= Pali Village =

Urban village in Bandra, India

Pali Village sometimes also referred as (Pali Goathan) is a small urban village in the Bandra suburb of Mumbai, India (formerly Bombay). Established in 1700s, it has lend its name to localities like Pali Hill and Pali Naka, Today, it is developing as a destination for heath spas and holistic healing centres, as well as chic restaurants.

==Overview==
It is a mixed-zone neighborhood of Bandra and lies 650 meters from the coastline. The nearest coastline is the Carter Road edge of the Arabian Sea. Pali Village's Area Locality Management is known as PVRCF, or the Pali Village Residents Civic Forum, whose membership includes all residents of the Village.
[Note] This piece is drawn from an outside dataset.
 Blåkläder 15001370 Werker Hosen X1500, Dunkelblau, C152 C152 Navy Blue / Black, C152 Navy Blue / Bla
PVRCF's current Gen. Secretary is Asif Farooqui

Pali Village was settled around 1700 by the British Colonial Rulers

It is close to Pali Hill and Linking Road and its residents are mainly Catholics and Muslims.

== In literature ==
Bloodline Bandra by Godfrey Joseph Pereira (2014), features David Cabral a journalist and also one of the original peepils: an East Indian from Pali Village. The village is a world unto itself, and the villagers such notables as Salt Peter, Freddy Fakir, Basco Big Stomach, Carla Four Eyes, Lorna Leg Spread, Spunkless Joe and Small Tree Big Fruit.